We came out of the elevator and headed for CCU. I stopped cold at the sight of a figure in a black coat swishing into the CCU nurses’ station. I caught Quinton’s arm and pulled him back behind the corner to listen out of sight.
“Yes, dear. Has Detective Solis come down to look in on Mr. Danziger?”
“Naturally, it’s Laguire who’s stepping on Solis’s toes,” I muttered. I couldn’t hear the nurses reply as more than a mumble, but I’d recognized the coat’s owner, even from the back. Quinton’s face went stiff and white at the sound of Laguire’s voice.
“Really? Well, thank you, dear. I’ll look for him upstairs. And I understand the morgue is also in this building…?”
“Always tasteful, Fern,” Quinton muttered. “The coroner’s fingerprint check sent up a flare. Don’t know why I thought she’d be slower off the mark.”
“She wants to see your supposed corpse,” I hissed.
“She won’t recognize it, since she hasn’t seen me in years. It’s not a great patch—it may not hold—but for now, the file swap will keep her off me and might convince her bosses to consider me dead. They’ll recall her to Fort Meade for now whether she likes it or not. Fern may not buy it, but she can’t argue that the body doesn’t line up with the file info—Lass was actually a decent match, once they scrub off the filth. She couldn’t tell us apart if I walked up and kissed her.”
“Kiss that icicle and all bets are off.” A shudder of the ghost thrashing ripped across my frame and almost brought me to my knees. I guessed Lass didn’t like being a decoy. I could feel him trying to crack me open and escape and I didn’t think I’d enjoy the process if he did. I gasped from the twisting pain. “We need to get out of here and get rid of Lass.”
CHAPTER 21
We evaded Laguire and escaped from the hospital to a taxi that took us to my condo in West Seattle. The temperature was nearly normal for Seattle in winter, and it wasn’t until we were outside I realized it was Wednesday—I’d been in the hospital overnight. Laguire hadn’t been as fast to respond as I’d thought.
At the condo, the ferret huddled in her nest and refused to have anything to do with me, twitching her head and backing away as if I smelled bad when I offered her a hand. Couldn’t blame her—me smelling of ghosts and monsters, carrying an angry spirit that lashed at me and screamed continually. I had to let Quinton take care of her while I took a shower. Chaos didn’t seem to mind that—being fond of him and his many interesting pockets.
Once I was out of the shower, Quinton tried to put me back to bed.
“You need some rest.”
“Not as much as I need to get rid of Lass,” I countered.
He made a face. “You don’t look good. You shake, you twitch… and you’re not too solid all the time.”
“All the more reason to get this ghost out. We need to find the string Lass mentioned—the leash—and take her pet back to Qamaits.”
“How do you expect to find one piece of string in Pioneer Square—whatever it looks like?”
“Lass will help—if he knows what’s good for him.” Lass writhed and kicked, sending pains through my legs and shouting obscenities in my head.
“You can’t rest even until it’s dark? I could go to the Women in Black vigil and come back for you.”
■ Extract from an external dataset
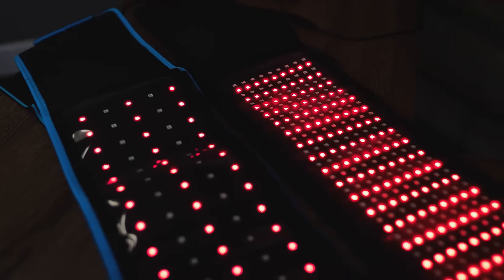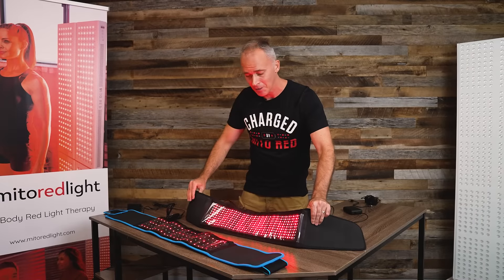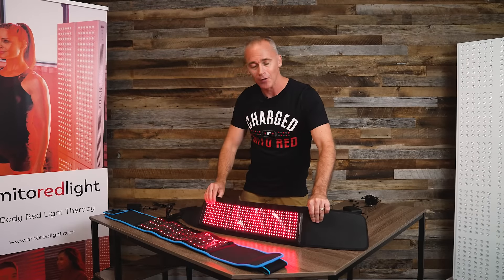Super excited about our mitroid belt. With a device like a belt that's meant to be used on the body, you really want LEDs that are closer together to eliminate dead space. Our belt has 405 LEDs, and you can see how much closer together they are.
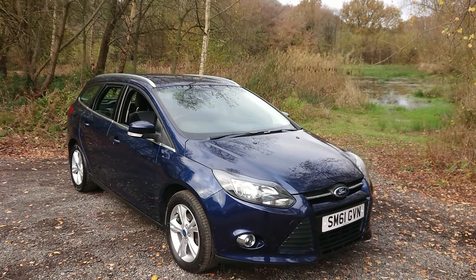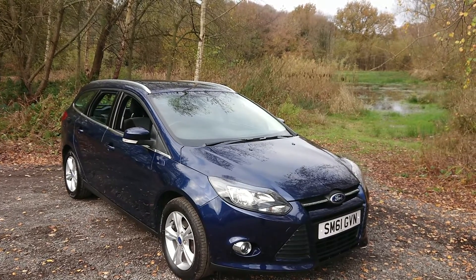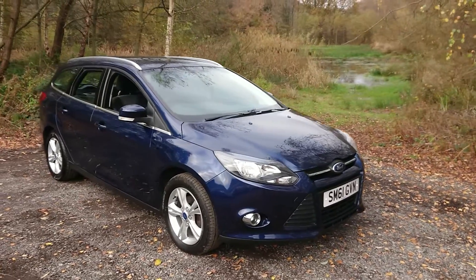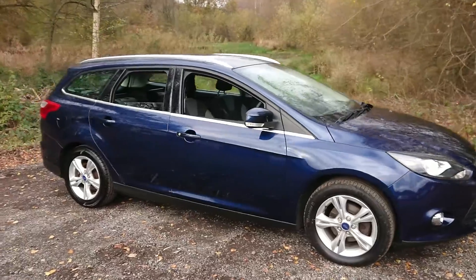Welcome to Maslow Car Centre. I'm pleased to offer this 2011 Ford Focus ZTEC 1.6 petrol estate in metallic blue. It has had two owners since new and has covered 57,000 miles. Features include rear parking sensors and Bluetooth connectivity.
“There’s no way I could rest. Not without drugs—and anything strong enough to knock Lass out will take me down for another day.” Lass didn’t seem to mind that idea, cooling his ire for a moment in contemplation of a fix. “Besides, if the undergrounders are at the memorial and Solis and the Feds are busy at the hospital, they won’t be in our way in Pioneer Square. If I can find the leash, I think I can control Sisiutl and put paid to this whole sorry mess.” The boiling fury inside me shrieked and struck in terror at the thought. I stumbled and had to sit down. I pretended it was just to put on dry shoes.